The two nations deserve much credit: first for having agreed, despite their long conflict, to sit down together in a public conference as they did in Lusaka , Zambia, and then for having reached the agreement. It establishes a joint South African-Angolan commission to supervise the withdrawal of Pretoria's military forces from Angola's southwestern border with Namibia.

The US and its representative, Assistant Secretary of State Chester Crocker, similarly deserve credit for their hard work which brought about the meeting.

The Angola-South Africa meetings are only one part of a broader picture. South Africans also are conducting talks with their neighbors to the northeast, Mozambique, in a not-dissimilar effort to defuse tensions. In both cases South Africa is trying to use a carrot-and-stick technique. It is saying to its neighbors, in effect: you stop supporting anti-South African movements, such as the African National Congress (operating out of Mozambique) or SWAPO (operating from Angola) and we will stop supporting dissident forces operating against your governments - and, in Angola's case, pull our troops out of your country.

In the Angola-South Africa talks, sponsored by the US, it is important to recognize that all three nations had self-interest in reaching the agreement and that enormous hurdles remain before further progress occurs.

For the United States the accord represents a much-needed foreign policy success after the debacle of Lebanon and the dubious situation in El Salvador.

It offers the Reagan administration the opportunity to say that its policy of trying to move South Africa forward through encouragement and discussion is more effective than the alternative, practiced by the Carter administration, of seeking change in South African policies through confrontation and public criticism.

For its part, Angola wants South African troops to leave its territory and stay out. The commission presumably is intended to make sure that happens.

South African troops entered Angola to attack SWAPO guerrilla forces which, using Angola as a sanctuary, raid Namibia in the name of seeking its independence.

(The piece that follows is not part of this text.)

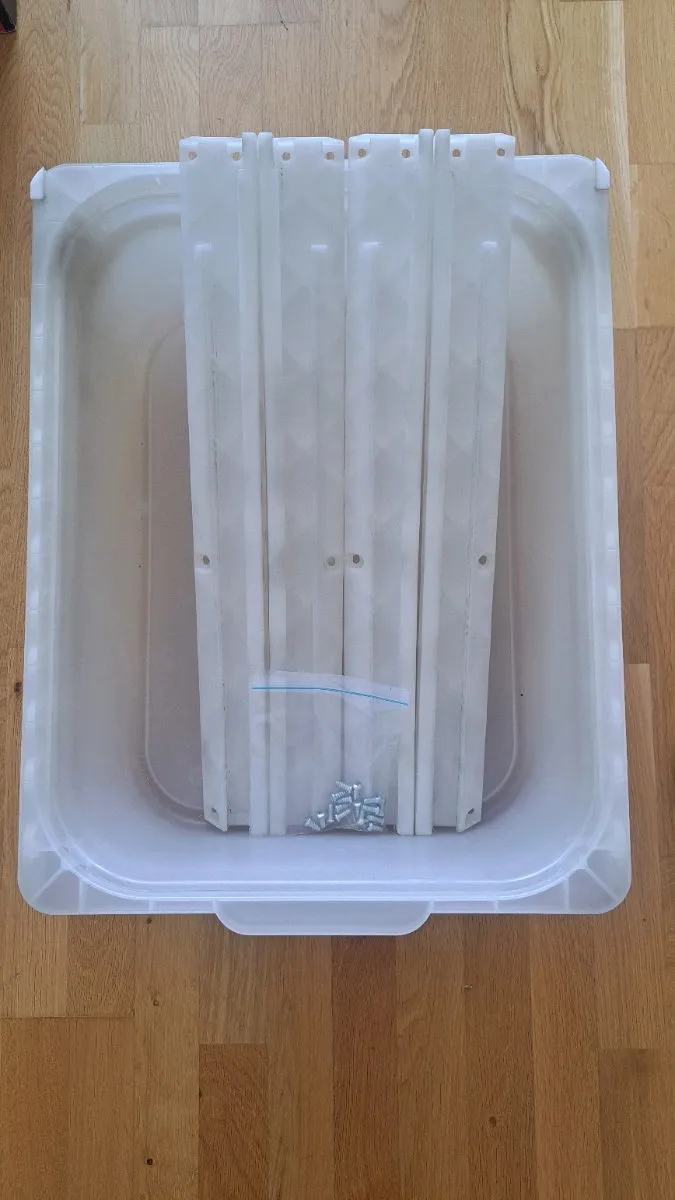 2 x IKEA Plastik Schublade mit Schienen und Schrauben, € 10,- (1200 Wien)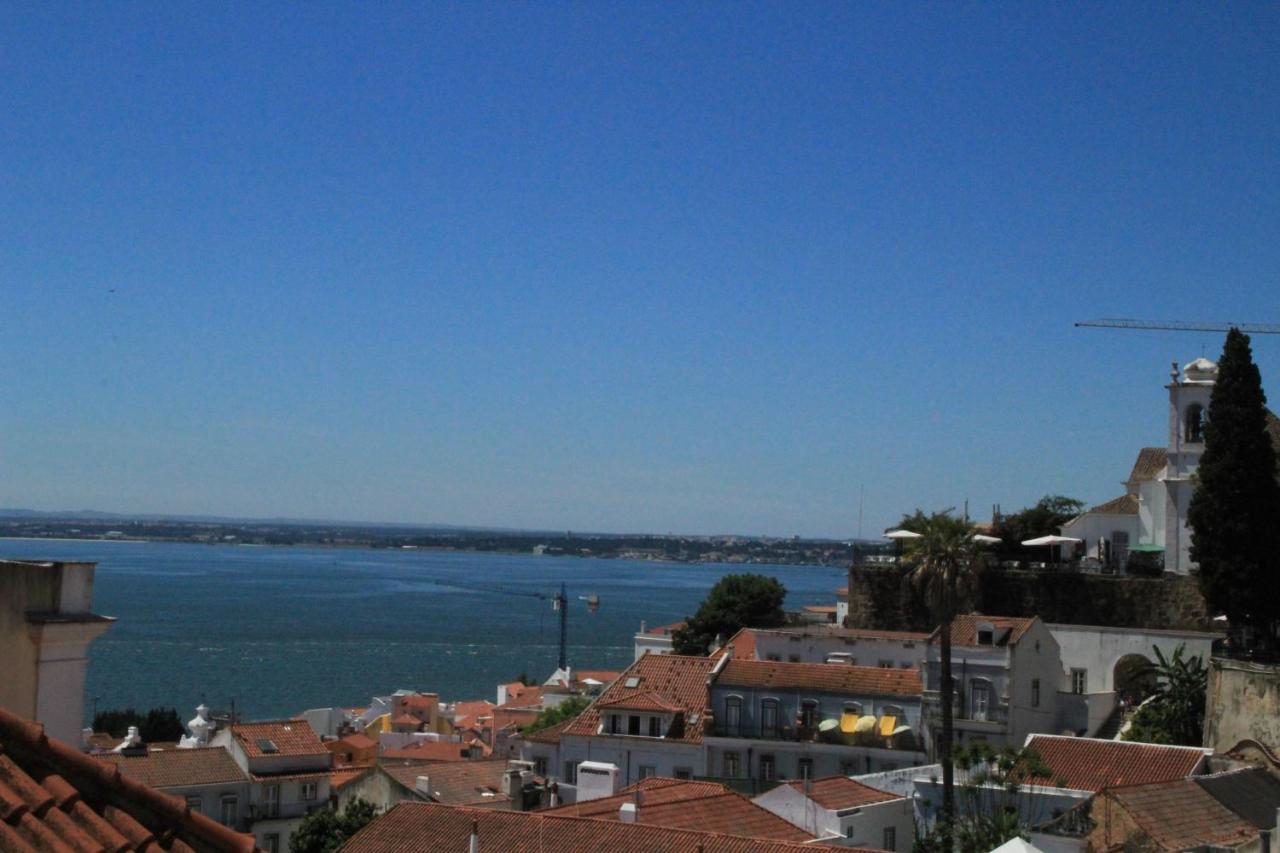 Ideal address with fantastic view Castel -Old Town-River - B&B Lisbona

South Africa also is served by the agreement. For some while international diplomats have felt South Africa wanted relief from attacks by the SWAPO forces. This may turn out to be one result of the commission's presence, by denying the guerrillas sanctuary in Angola. In addition, the warfare is a drain on South Africa in terms of finances and diplomacy.

Further, Africa expressed willingness to reach this agreement only after its recent military incursion deep into Angola, and at the start of the season during which it is most advantageous for the guerrillas to mount their own offensive.

For peace to be achieved through all of southwestern Africa the next step would need to be finding some way to deal with the Angolan UNITA guerrilla movement, which, with some South African backing, has achieved major military successes against the Angolan government. That is why the Angolans wish to keep Cuban troops in their nation and the US has insisted the Cubans must be withdrawn as part of an overall settlement.

Withdrawal of South African forces from Namibia at this point is contingent upon, among other things, withdrawal of the Cuban troops. So far as is known, the Lusaka conference did not resolve these thorny and interconnected issues.

But even the longest journey must start with a first step. What has been achieved certainly is a good step. All sides now should commit themselves to work toward solution of the deeper issues.